The room was filled mainly with freelancers and small company consultants (that is quite typical for a Montreal crowd actually). More than half of those individuals are Microsoft MVP, which was quite an impressive concentration.
The most heated part of the discussion was about Microsoft message around the HTML 5 vs Silverlight. Steve Balmer’s message about Silverlight was… well there was no message, he didn’t explicitly talk about it. Of course, he talked a lot about Windows Phone 7 development, which has to be done in Silverlight, but he didn’t mention the ‘S’ word
What he did talk about though was HTML 5. As I mentioned yesterday, that was one of his key messages: Internet Explorer 9 / HTML 5. That was touted as the “glue between the client and the server”. If you read between the lines, you may interpret that Microsoft is now putting its weight behind HTML 5 instead of Silverlight. If you can read between the lines, you can read it in-the-lines of Bob Muglia, Microsoft President in charge of server and tools business.
This didn’t escape many of the people in the room. One of them actually made himself a Silverllight expert and basically just learned that he was old news. As he said, the problem with Silverlight is that once you’ve tried it, you don’t want to go back to java script!
It’s funny, because another person in the room got the same uneasy feeling when we talked about TFS in Azure. That person is an expert in TFS infrastructure and he just learned… he was old news. Both of those are MVPs, so I guess they felt betrayed on many levels.
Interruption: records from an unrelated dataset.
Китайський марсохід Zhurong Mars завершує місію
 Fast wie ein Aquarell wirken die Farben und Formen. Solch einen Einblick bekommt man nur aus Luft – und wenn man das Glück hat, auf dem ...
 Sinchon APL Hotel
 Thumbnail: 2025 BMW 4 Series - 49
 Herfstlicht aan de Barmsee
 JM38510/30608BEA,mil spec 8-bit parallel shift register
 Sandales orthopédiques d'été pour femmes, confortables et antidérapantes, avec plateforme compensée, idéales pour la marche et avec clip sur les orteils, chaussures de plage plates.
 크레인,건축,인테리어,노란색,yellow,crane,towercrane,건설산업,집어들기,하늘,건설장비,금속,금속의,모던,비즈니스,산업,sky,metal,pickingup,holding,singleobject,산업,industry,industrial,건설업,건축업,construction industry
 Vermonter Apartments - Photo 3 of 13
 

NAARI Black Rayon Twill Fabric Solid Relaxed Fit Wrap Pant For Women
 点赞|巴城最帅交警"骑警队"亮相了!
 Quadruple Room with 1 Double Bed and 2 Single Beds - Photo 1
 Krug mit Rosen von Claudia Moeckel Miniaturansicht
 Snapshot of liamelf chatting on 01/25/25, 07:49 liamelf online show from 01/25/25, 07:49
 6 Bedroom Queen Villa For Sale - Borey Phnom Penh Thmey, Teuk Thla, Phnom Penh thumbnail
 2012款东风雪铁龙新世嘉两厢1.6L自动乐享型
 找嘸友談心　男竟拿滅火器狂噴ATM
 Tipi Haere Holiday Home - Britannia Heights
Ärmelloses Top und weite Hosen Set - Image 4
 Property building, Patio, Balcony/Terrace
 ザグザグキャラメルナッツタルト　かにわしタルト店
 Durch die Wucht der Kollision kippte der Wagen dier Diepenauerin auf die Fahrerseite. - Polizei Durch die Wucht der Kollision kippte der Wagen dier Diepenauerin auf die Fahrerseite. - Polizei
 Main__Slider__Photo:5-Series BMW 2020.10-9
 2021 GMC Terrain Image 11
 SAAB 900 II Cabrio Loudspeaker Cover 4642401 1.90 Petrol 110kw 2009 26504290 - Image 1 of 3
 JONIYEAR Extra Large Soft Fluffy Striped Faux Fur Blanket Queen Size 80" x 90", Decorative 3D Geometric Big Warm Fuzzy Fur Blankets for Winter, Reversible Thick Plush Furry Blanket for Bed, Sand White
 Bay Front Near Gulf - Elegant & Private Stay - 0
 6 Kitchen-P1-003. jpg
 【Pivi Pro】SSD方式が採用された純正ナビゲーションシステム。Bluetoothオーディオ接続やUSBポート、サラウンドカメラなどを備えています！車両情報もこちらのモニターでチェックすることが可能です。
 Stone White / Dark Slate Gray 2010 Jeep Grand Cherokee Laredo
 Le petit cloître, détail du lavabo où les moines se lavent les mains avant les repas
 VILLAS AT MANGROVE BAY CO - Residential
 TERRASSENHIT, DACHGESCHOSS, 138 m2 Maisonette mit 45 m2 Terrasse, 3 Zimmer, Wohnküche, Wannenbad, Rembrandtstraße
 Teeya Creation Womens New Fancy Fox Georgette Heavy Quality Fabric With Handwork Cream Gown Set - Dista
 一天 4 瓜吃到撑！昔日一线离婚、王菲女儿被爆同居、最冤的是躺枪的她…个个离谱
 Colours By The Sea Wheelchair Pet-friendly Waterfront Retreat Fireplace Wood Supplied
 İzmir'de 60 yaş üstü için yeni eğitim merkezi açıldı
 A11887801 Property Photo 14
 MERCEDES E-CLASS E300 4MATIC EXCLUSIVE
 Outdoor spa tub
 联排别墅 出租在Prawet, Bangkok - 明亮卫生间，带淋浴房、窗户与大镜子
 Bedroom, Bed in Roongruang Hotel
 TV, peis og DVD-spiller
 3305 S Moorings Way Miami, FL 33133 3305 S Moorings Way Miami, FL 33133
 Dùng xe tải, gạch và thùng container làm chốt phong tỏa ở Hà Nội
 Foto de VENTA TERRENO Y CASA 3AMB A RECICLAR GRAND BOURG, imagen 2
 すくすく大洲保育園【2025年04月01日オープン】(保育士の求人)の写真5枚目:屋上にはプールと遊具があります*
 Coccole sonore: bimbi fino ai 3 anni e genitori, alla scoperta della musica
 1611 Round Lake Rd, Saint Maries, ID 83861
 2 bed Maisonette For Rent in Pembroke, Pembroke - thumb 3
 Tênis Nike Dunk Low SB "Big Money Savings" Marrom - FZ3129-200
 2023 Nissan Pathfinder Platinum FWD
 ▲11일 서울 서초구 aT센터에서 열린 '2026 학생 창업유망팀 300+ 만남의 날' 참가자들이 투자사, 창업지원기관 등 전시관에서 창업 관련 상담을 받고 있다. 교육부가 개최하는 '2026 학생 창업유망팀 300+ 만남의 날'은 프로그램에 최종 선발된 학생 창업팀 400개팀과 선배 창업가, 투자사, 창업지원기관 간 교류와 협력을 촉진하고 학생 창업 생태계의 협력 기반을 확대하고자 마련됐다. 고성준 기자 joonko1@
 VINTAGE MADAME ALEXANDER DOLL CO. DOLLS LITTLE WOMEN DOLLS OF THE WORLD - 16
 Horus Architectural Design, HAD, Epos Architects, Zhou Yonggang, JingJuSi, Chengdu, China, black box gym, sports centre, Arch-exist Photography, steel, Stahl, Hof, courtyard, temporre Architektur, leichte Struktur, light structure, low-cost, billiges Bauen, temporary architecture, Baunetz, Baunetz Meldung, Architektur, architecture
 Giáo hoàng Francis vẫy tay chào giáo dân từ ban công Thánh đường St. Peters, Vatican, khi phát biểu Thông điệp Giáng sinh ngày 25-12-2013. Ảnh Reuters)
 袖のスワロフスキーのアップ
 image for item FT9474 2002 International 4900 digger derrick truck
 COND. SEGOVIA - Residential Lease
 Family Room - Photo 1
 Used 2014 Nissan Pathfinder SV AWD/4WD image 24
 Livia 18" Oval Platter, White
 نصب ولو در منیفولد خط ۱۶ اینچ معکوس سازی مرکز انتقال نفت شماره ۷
But above betrayals, if you’re cutting edge today, where should you go? And where should you advise people to go?
Well… the thing is, I believe the question is still open.
That said, HTML 5 is offering quite a good share of what Silverlight is able to offer to the end-user. The coverage is way broader. But the developer experience is quite something else. Hence the complaints in the room.
Now I can see where Microsoft is coming from. They tied Internet Explorer 9 to the OS (it runs only on Windows Vista and more recent OS) in order to leverage the capacity to use hardware acceleration. That makes IE9 the fastest OS rendering and animating HTML-5. The competition will have trouble to follow them, especially that most of them (e.g. Chrome, Fire Fox) are available on many platforms. So they basically threw a curve at the competition.
A problem with this is that HTML 5 will be standard but the speed won’t. So you’re back to square one: do you want to develop rich application on a platform where the performance highly depends on the browser?
I think the dice have been thrown, but they’re still rolling on the table. For interactive-UI app, Flash & Silverlight will be the way to go for quite a while. But for simpler UI (ie %90 of what you interact with everyday), HTML is back in the game with HTML 5.
A lot of arguments in the room were around the fact that a lot of companies still have IE 6 on their desktop. Well, cutting-edge client computing isn’t happening on your corporate desktop, isn’t it? The winner of the cutting-edge competition today will end-up on your corporate desktop. Microsoft has two horses in the race, hedging their bet.